23 October 2012

Trustees publish IFRS Foundation Staff Analysis of SEC Final Staff Report on IFRS Standards

The Trustees of the IFRS Foundation today published a staff analysis of the United States (US) Securities and Exchange Commission (SEC) Final Staff Report on International Financial Reporting Standards (IFRS Standards).  The SEC Staff Report, issued on 13 July 2012, represented the culmination of almost two years' work by SEC staff to analyse the issues related to the possible incorporation of IFRS Standards into the US financial reporting regime.

Shortly after the SEC Staff Report was published, the Trustees issued a statement indicating their commitment to give careful consideration to the report’s observations. Consequently, the Trustees asked the IFRS Foundation staff to conduct an analysis of the SEC Staff Report for the benefit of both the IASB and the international community.

The staff's detailed analysis addresses matters raised in the SEC Staff Report regarding IFRS Standards as global accounting standards, the IASB as a global accounting standard-setter and the challenges for a US transition to IFRS Standards (including adoption and endorsement matters).

To assist staff in their analysis of the SEC Staff Report within an international context, the IFRS Foundation commissioned a study of existing academic research on the benefits and consequences of global accounting standards.
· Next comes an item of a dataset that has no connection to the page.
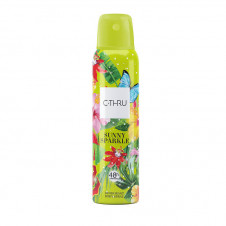 C-THRU Deodoranty spray 150ml Sunny Sparkle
That research is published as an appendix to the staff analysis.

Commenting on the publication of the staff analysis, Chairman of the Trustees Michel Prada said:

In their February 2010 statement on global accounting standards, the SEC Commissioners reaffirmed their strong commitment to a single set of global standards and the recognition that IFRS Standards were best placed to serve that role for US markets. The statement directed SEC staff to develop and execute a work plan to support this process and the final SEC Staff Report on IFRS was published in July 2012.

The IFRS Foundation staff analysis released today complements the findings of the SEC Staff Report with academic research as well as the experiences of other jurisdictions that have already completed their own transitions to IFRS Standards. Accordingly, the analysis should also be of use to other jurisdictions that are evaluating whether and how to adopt IFRS Standards.

While acknowledging the challenges, the analysis conducted by the IFRS Foundation staff shows that there are no insurmountable obstacles for adoption of IFRS Standards by the United States, and that the US is well placed to achieve a successful transition, thus completing the objective repeatedly confirmed by the G20 leaders.